> **Work order**: Where the line holding "Colar e Brincos" appears, start copying, and continue exactly through the last line of the listing, skipping pictures.

> **Task input**:
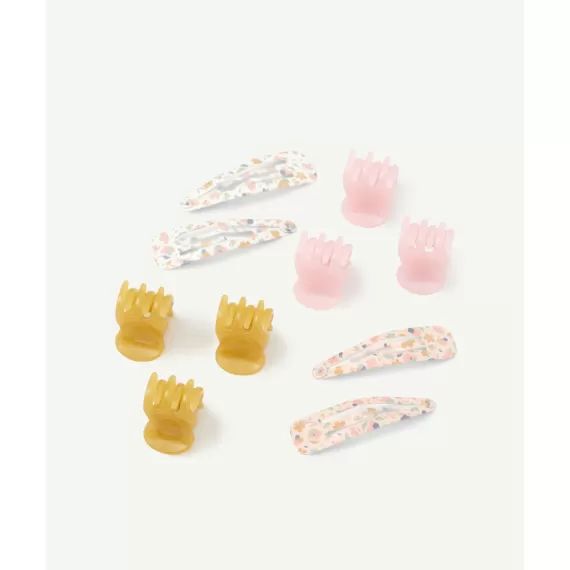 Lot de 4 barrettes fleuries et 6 pinces colorées bébé fille –  – Soldes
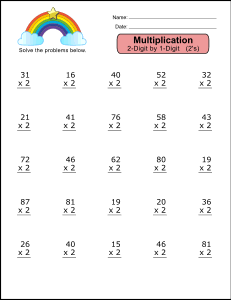 1. Multiplication worksheet (2's). Free printable multiplication worksheets, math drills, multiplication problems, multiply, pdf, 2-digit by 1-digit, 1st grade, 2nd grade, 3rd grade, 4th grade, print, download.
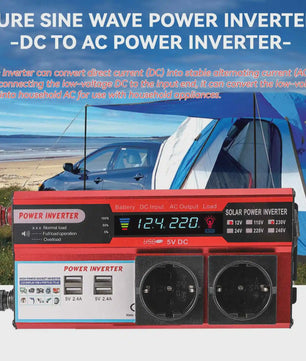 Krachtige 4000W/3000W Power Inverter: 12V DC naar 220V/230V AC met 4 USB & LED Display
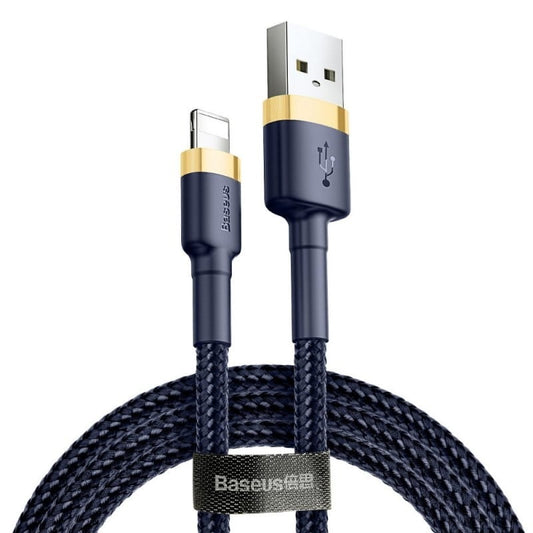 USB-A - Lightning Baseus Cafule data- og opladningskabel, 18W, 2m, Marineblå CALKLF-CV3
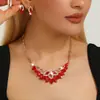 Colar e Brincos Vermelhos de Acrílico com Pedras de Diamante em Formato Marquise - Conjunto de Joias de Duas Peças Mais Vendido para Joias de Casamento Femininas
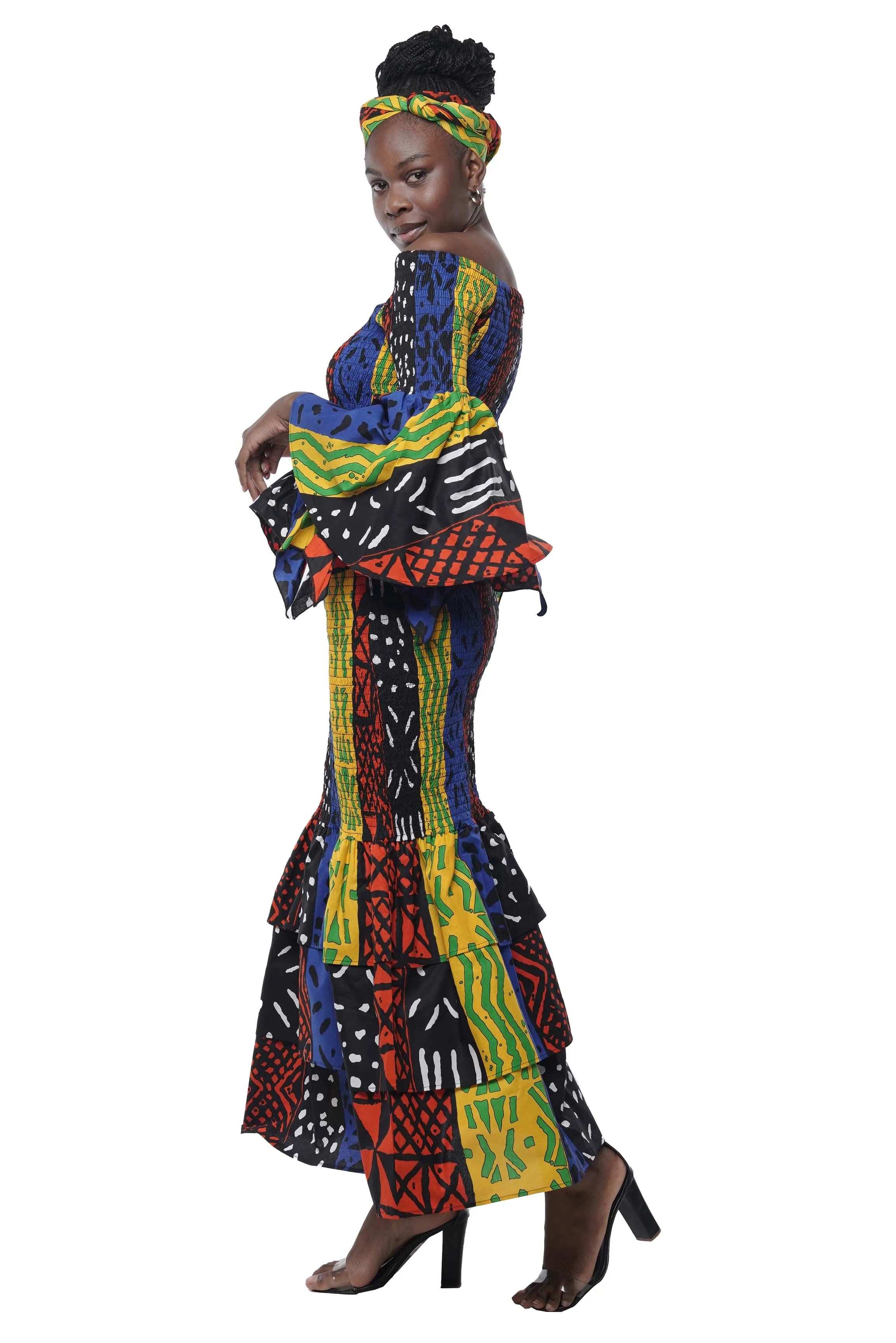 African Zig Zag Hem Top and Fish Tail Skirt Set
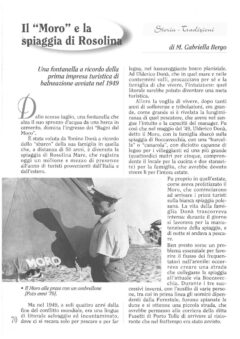 Prima pagina originale dell’articolo Il “Moro” e la spiaggia di Rosolina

> **Task answer**:
 Colar e Brincos Vermelhos de Acrílico com Pedras de Diamante em Formato Marquise - Conjunto de Joias de Duas Peças Mais Vendido para Joias de Casamento Femininas
 African Zig Zag Hem Top and Fish Tail Skirt Set
 Prima pagina originale dell’articolo Il “Moro” e la spiaggia di Rosolina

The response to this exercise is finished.